Analizando noticia… por favor espera.
EL NUEVO DIARIO, SÁNCHEZ RAMÍREZ.- Más de un mes después de que se hiciera pública la preocupación por la contaminación en la Presa de Hatillo, ubicada cerca de Cotuí en la provincia Sánchez Ramírez, el mayor lago de agua dulce de las Antillas Mayores, residentes de comunidades cercanas reiteran su llamado a las autoridades para que implementen medidas inmediatas que protejan la salud de la población y el ecosistema.
En una nota de prensa explican que la preocupación de los ciudadanos surge ante la coloración verdosa en la Presa, fenómeno que se ha intensificado en varias zonas y que, según ellos, podría derivar en brotes de enfermedades para las familias que dependen directa o indirectamente de sus aguas.
En diciembre de 2025, el Ministerio de Medio Ambiente y Recursos Naturales informó que la coloración verde observada se debía a una floración de algas, tras un levantamiento técnico realizado por especialistas junto al personal del Parque Nacional Aniana Vargas.
Sin embargo, los residentes aseguran que las pruebas de laboratorio realizadas por ellos mismos evidenciaron contaminación bacteriana y química, incluyendo coliformes totales, Pseudomonas, estreptococos fecales, así como altas concentraciones de cianuro, fosfatos y otros elementos que representan un riesgo para la salud pública.
“El agua no solo se ve verde, también tiene un olor fuerte.
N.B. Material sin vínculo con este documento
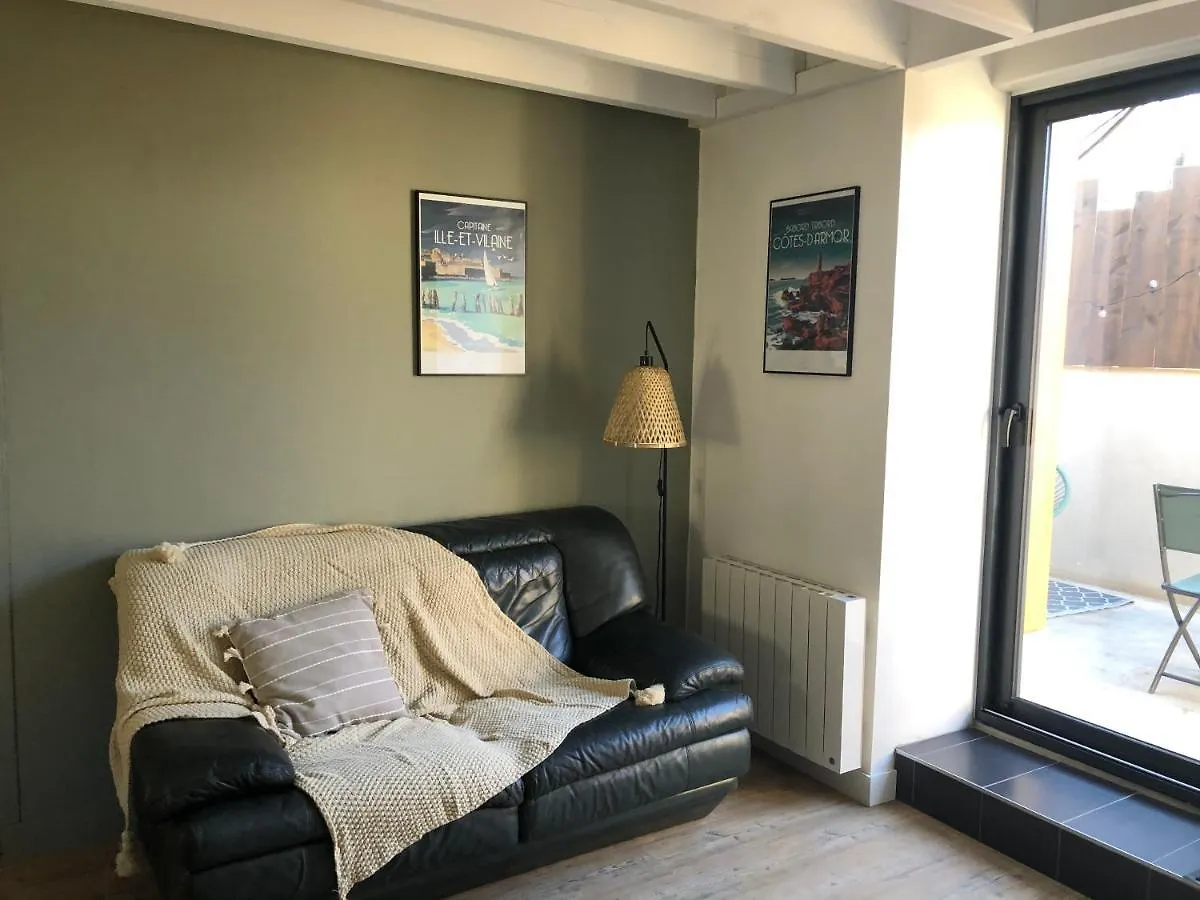 « Ardoises Et Agapanthes » Le Gite Pleslin-Trigavou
Aquí hay niños y envejecientes, y nadie nos ha explicado qué riesgos reales estamos corriendo”, expresó una residente que prefirió mantener el anonimato. Otro comunitario agregó: “Nos dicen que son algas, pero el color sigue igual y nadie viene a darnos la cara. Nosotros vivimos de esta presa, pescamos aquí y usamos el agua todos los días”, señalaron.
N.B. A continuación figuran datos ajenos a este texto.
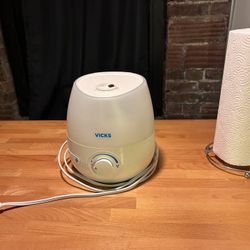Vicks Cool Mist Humidifier – Works Great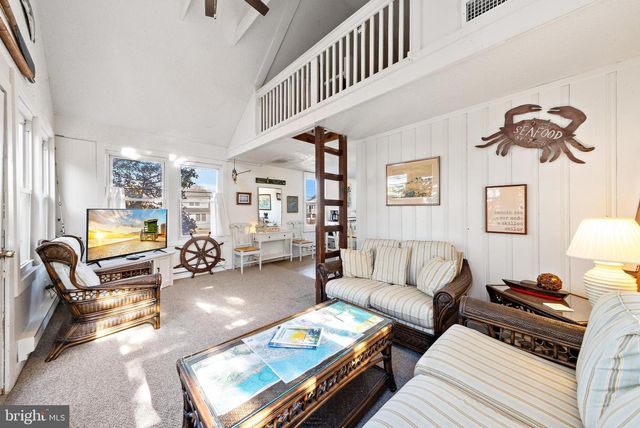 1718 N CENTRAL AVE, Surf City, NJ 08008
Agricultores de la zona también alertaron sobre el impacto económico y sanitario: “Si esta agua está contaminada, también lo están nuestros cultivos. No podemos esperar a que aparezcan enfermedades para que entonces actúen”.
Los denunciantes hacen un llamado directo a las autoridades ambientales y sanitarias para que realicen estudios independientes, transparentes y continuos, socialicen los resultados con la población y ejecuten medidas inmediatas que protejan el ecosistema y la salud de las comunidades.
Mientras tanto, aseguran que mantendrán la vigilancia y continuarán exigiendo respuestas concretas frente a lo que consideran una amenaza latente para el medio ambiente y la salud pública.